Analyses of rock samples in laboratories worldwide provide a wealth of information about key rock and fluid properties, including lithology, porosity, permeability, fluid saturation and multiphase flow, enabling operators to better characterize pore systems in oil and gas reservoirs. Physical core measurements allow geoscientists and reservoir engineers to better understand depositional environments, evaluate exploratory wells, assess field redevelopment potential, and investigate early production strategies, as well as improved recovery scenarios.

To boost recovery in conventional sandstone and carbonate reservoirs, it is essential to identify which fluid types, injection rates, volumes, and other engineering parameters are likely to have the greatest impact on performance. In unconventional shales and mudstones with complex vertical and lateral heterogeneities, it is vital to determine which subtle rock textures exhibit the greatest producibility. Traditional core analysis can help, of course. However, as reservoir engineering becomes more complex to deal with current challenges, core analysts must understand and realistically model pore geometries and fluid behaviors at pore scales. In addition, obtaining physical core measurements under different boundary conditions can take months, even years, to complete.

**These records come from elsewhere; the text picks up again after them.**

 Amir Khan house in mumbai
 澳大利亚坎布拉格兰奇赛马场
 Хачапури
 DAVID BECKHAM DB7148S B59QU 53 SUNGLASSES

Emerging digital core technologies and pore-scale flow simulations are beginning to complement—and enhance—traditional laboratory techniques. Integrated physical and digital rock and fluid workflows promise to accelerate the evaluation of multiple scenarios, improve decision-making, and maximize production and ultimate recovery from highly complex reservoirs.

DIGITAL ROCK MODELING

Traditional core analysis can be time-consuming. Consider the steps involved in a typical relative permeability test. First, rock samples are cut from the whole core and cleaned, which can take from days to weeks and, in some cases, more than a month. Often, fluids must be recombined, which can also take several weeks. Saturating rock samples with fluids, and allowing time for core and fluids to reach equilibrium requires approximately 40 days. Most relative permeability tests analyze roughly six equilibrium points, each of which takes three to five days, or an additional 18 to 30 days to obtain the initial set of curves. All told, a single test can take three months or more. To run a second test on the same core, the sample must be cleaned again, which may require less time, but still, roughly a week. The core must be resaturated with fluid and equilibrated, which takes another 40 days. Finally, obtaining a second set of relative permeability curves requires several more weeks to a month.

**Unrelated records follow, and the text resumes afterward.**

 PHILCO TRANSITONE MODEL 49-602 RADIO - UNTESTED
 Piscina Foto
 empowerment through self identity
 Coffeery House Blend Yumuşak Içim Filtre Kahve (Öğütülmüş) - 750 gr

If an operator wanted to investigate multiple production strategies and improved recovery scenarios, it could literally take years to run them all, using traditional laboratory techniques. Since few companies have the time or budget, most settle for a base-case scenario—an engineering evaluation to estimate the best-case scenario, and a second lab test. Frequently, this is the end of core analysis, at which point, an executive decision may be made—based on just two tests—either to implement the recovery scenario, or to suspend the project. In some cases, risky trial-and-error experiments are conducted in the field, injecting various fluids under differing boundary conditions to see what happens. The danger, of course, is that permanent reservoir damage can occur, which has serious, long-term economic consequences.

Ideally, most oil and gas companies would prefer to test many more scenarios in far less time. For several decades, therefore, researchers have been investigating ways of using digital images of core samples to extract useful reservoir information. In the 1980s, for example, universities began digitizing thin sections from cores, trying to calculate capillary pressure and relative permeability, without impressive results. Later, research laboratories began using medical imaging technology to scan cores and create various digital rock models for core analysis. Only in the past five years, however, have digital rock technologies been commercialized successfully. And only within the last year or so, have core analysts, petrophysicists and operators begun to accept the potential viability of digital approaches.

Why has there been such skepticism until recently? First, vendors initially overstated the capabilities of digital rock modeling. Claims were made that digital core analysis would replace traditional lab techniques, which has never been feasible. Second, digital rock models lacked sufficient validation from physical measurements to convince specialists that they could realistically simulate multi-phase fluid flow through complex pore systems. In fact, most providers focused primarily on modeling the rocks, not the fluids, hence the term “digital rock.” In addition, no one could actually perform both digital and physical core analyses on the same rock sample in the same facility. Third parties, different core plugs, and inevitable delays in obtaining final lab results were not uncommon. Discrepancies—often significant ones—between the digital and physical measurements were inevitable, especially in heterogeneous reservoirs.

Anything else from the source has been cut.